Changes at Digg

Digg, the news site where user votes determine what’s on the front page, has changed the algorithms that determine how stories are ranked in an effort to keep people from gaming the system. This has caused quite a bit of turmoil among its users, as Daily Blog Tips and the CNET News Blog (and many others) note. From CNET:

The update effectively punishes people who vote in groups to promote certain stories. The result of the update is that stories that reach the homepage will need to be “dugg” by a diverse group of people.

“Digg’s promotional algorithm ensures that the most popular content dugg by a diverse, unique group of diggers reaches the home page,” Digg founder Kevin Rose said in a blog. “Our goal is to give each person a fair chance of getting their submission promoted to the home page.”

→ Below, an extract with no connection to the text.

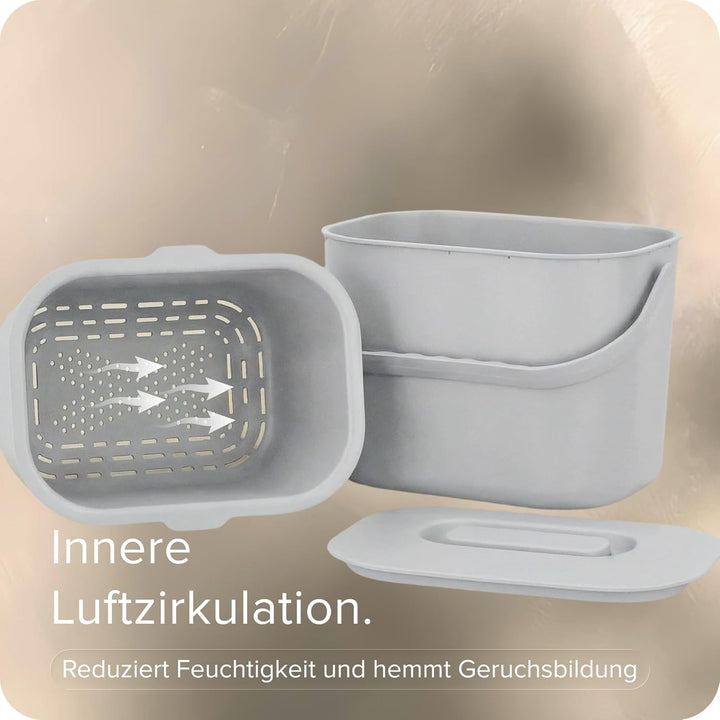 blackswedenhome. Biomülleimer Küche - 7L - Design Komposteimer mit Sieb - Bio-Mülleimer Geruchsdicht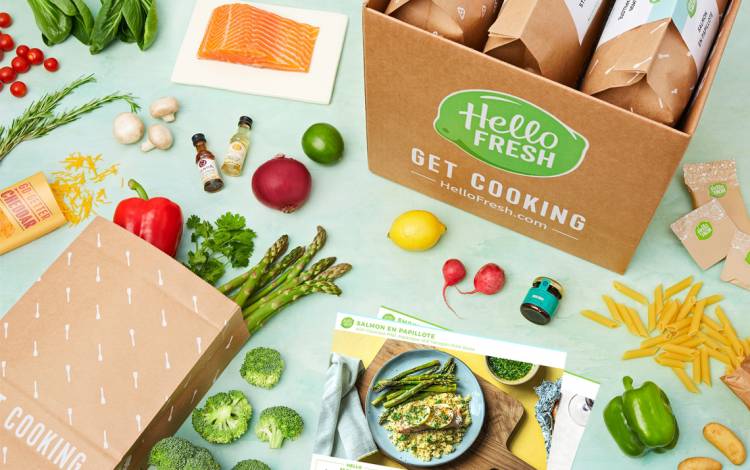 HelloFresh delivers recipes and ingredients to your doorstop. Photo courtesy of HelloFresh.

I’ve written before about how gaming of Digg is inevitable. One of the more pernicious social media/Web 2.0 ideas is that popularity trumps expertise; thus, as I write, many of the top world news stories for the past week on Digg are about Scientology. These may be interesting stories, but are they the most significant stories of the week? If you need a quick update on what’s happening on the world, will Digg provide it for you?

No. A human editor with deep knowledge and experience can, however. That doesn’t mean that the people filling that role in the news industry are doing a good job - in fact, I’d say that they are generally not - but the idea that something like Digg will do better is a bit silly.

Digg is fun to browse, as long as you don’t take it too seriously. It’s a sideshow, not a revolution. And because it’s a popular, traffic-generating sideshow, expect to see more algorithm-tinkering in an attempt to keep the system relatively honest, just as search engine algorithms change to defeat people gaming that system and spam filters are tweaked to block people gaming those systems.